Y así empezó a recorrer un camino que la transformaría en otra mujer, muy distinta a la que se esperara que fuera y que había sido hasta aquel fatídico día.

“Nunca hubiera soñado, ni de lejos que iba a tener que hacer esto”, explicará María.

Muy poco de lo que había aprendido hasta ese momento le servía para afrontar la dramática situación. Peor aún, la mayoría de lo que le habían enseñado parecía atraparla en un corset que le impedía actuar.

La impulsaba el amor, claro. Pero ¿cómo vencer todo lo que la ataba a los viejos prejuicios contra la mujer que trasponía los límites de su hogar y, para peor, se involucraba en la política, aunque fuera para defender a su hijo?

No todas las madres de desaparecidos, lamentablemente, pudieron vencer esas barreras. Muchas quedaron apresadas a las viejas trampas que desde hace siglos reproduce la cultura patriarcal.

 

 

“Yo no me imagino a la virgen María gritando y vociferando en una plaza como lo hacen las Madres de Plaza de Mayo”, dijo una vez un capellán castrense de San Luis que repetía una interpretación domesticada y sumisa de la madre de Jesús.

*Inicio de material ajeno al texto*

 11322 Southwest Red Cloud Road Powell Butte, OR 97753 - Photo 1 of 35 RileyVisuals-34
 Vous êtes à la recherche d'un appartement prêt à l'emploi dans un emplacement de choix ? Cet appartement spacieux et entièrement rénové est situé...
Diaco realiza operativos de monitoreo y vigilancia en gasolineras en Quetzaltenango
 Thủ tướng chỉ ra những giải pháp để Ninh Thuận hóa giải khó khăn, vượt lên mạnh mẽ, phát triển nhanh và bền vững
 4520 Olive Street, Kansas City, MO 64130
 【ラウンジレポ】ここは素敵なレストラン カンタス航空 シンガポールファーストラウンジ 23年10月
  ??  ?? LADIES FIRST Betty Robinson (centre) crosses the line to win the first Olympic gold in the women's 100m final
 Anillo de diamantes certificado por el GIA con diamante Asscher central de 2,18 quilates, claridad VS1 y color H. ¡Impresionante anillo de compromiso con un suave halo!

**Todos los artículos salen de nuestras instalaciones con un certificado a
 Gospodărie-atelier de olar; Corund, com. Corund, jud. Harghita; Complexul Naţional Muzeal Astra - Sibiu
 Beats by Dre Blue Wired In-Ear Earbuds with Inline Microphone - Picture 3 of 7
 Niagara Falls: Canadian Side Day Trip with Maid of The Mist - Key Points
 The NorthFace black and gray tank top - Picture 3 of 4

Ni domesticada ni sumisa, María es hoy una Madre de la Plaza. La Plaza de Mayo, en Buenos Aires, la de San Martín, en Mendoza, y la de cualquier lugar del mundo en la que  haya que luchar.

 

 

María junto a su nieta Claudia Domínguez Castro.

Quizá uno de los momentos más apasionantes de la transformación de María es la del instante en que se decidió a tomar la palabra. 

“Yo nunca me imaginé que algún día podría hablar en público. Yo he sido bastante tímida. Tuve que empezar a la fuerza, no porque yo quisiera”, cuenta ella misma. “La primera vez que me largué sola a hablar, sentí una libertad muy grande, porque a mí no me gusta leer lo que tengo que decir, entonces cuando comencé a hablar sentí alegría y libertad de no tener que tener en la mano un papel para comunicar lo que quería comunicar, era mi propia palabra que se hizo pública”. 

Desde entonces no ha dejado de hablar.

Escucharla es una experiencia fascinante.